Some Mets, and baseball, fans may rightfully complain about the lack of games from the '73 "You Gotta Believe!" Mets or from Doc Goodin's truly amazing '85 season. But, that's what second volumes are all about. This collection does offer some terrific games from Flushing's finest. If that's what you want, you'll get it. Guaranteed.
-Let's give the devil his due.
Curt Schilling's career may be kaput, and while I'm not too worried about the Sox rotation with Lester coming along nicely and Materson showing himself to be a more than capable spot starter, it is for sad and fitting that his last game was in a World Series. Let's look at his postseason numbers:
133.1 IP 120 K 25 BB 2.23 ERA 0.978 WHIP 11 W 2 L
The phrase is money, and that's what he was during the postseason.
He called into Gambo & Ashe, the Valley's afternoon sports guys, on Monday and, when asked if he was a Hall of Famer, replied "No." Insisting that he played with Hall of Famers, like Randy Johnson, Pedro Martinez, and Jeff Bagwell in Houston, and that he wasn't one of them.
All due respect to Schilling, Jayson Stark, the aforementioned devil, whose book I was none too pleased with (see previous post) offered a wonderfully succient assesment of Schilling's career, hitting both the cons (only 216 wins) and pros.
Here's a link: http://proxy.espn.go.com/chat/chatESPN?event_id=21220
Were his whole book like this, I'd endorse it almost as much as I do the Shea DVDs.
-Entertainment Weekly released a list of the 100 "Classic" movies from the last twenty-five years or so.

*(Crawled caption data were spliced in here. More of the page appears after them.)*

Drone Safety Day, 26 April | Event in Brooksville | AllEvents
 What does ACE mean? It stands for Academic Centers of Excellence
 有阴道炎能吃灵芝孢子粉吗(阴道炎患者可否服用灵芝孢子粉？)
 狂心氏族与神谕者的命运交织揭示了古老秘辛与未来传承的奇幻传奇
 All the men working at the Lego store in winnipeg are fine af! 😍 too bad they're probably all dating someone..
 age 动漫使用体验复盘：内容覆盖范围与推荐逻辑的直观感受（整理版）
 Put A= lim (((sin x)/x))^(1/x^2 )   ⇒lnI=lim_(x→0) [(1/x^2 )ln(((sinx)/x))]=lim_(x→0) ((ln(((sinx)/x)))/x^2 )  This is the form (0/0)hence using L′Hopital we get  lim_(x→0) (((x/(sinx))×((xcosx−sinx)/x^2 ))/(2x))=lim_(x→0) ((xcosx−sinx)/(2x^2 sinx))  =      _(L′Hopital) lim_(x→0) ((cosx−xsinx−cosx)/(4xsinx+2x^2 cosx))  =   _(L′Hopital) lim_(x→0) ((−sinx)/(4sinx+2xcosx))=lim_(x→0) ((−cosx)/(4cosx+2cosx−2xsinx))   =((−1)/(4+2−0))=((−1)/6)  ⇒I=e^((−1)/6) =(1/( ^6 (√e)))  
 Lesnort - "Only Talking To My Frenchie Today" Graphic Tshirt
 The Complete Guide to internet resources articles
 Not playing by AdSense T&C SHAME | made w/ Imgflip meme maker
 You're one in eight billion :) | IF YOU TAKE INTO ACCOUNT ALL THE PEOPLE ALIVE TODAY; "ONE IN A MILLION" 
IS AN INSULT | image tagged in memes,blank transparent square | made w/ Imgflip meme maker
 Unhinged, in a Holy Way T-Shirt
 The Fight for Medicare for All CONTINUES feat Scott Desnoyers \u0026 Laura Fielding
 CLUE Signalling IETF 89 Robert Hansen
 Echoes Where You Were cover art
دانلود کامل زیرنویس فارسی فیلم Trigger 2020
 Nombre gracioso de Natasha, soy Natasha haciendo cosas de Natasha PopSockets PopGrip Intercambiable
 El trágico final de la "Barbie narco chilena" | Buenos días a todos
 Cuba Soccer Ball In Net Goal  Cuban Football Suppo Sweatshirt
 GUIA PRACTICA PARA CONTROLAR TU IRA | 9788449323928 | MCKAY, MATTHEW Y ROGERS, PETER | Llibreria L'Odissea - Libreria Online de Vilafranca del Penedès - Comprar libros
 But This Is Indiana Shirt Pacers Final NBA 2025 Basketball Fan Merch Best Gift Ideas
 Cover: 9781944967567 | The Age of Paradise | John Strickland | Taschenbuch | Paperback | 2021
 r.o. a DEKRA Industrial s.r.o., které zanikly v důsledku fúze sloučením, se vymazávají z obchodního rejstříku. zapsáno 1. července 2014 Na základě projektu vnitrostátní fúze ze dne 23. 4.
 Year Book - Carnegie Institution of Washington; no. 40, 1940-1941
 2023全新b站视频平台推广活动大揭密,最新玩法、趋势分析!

The entire list isn't worth picking over, but there were two omissions I was shocked by. The first is Richard Linklater's Slacker, which pretty much jumpstarted the DIY indie film movement of the early/mid 90s. The second is truly shocking: Bull Durham. The best baseball, maybe even sports, movie ever isn't on the list? I can understand not including Major League or maybe Field Of Dreams, but no Bull Durham? That's like listing 100 classic albums and leaving off Raising Hell or Back In Black because some people don't like rap or heavy metal.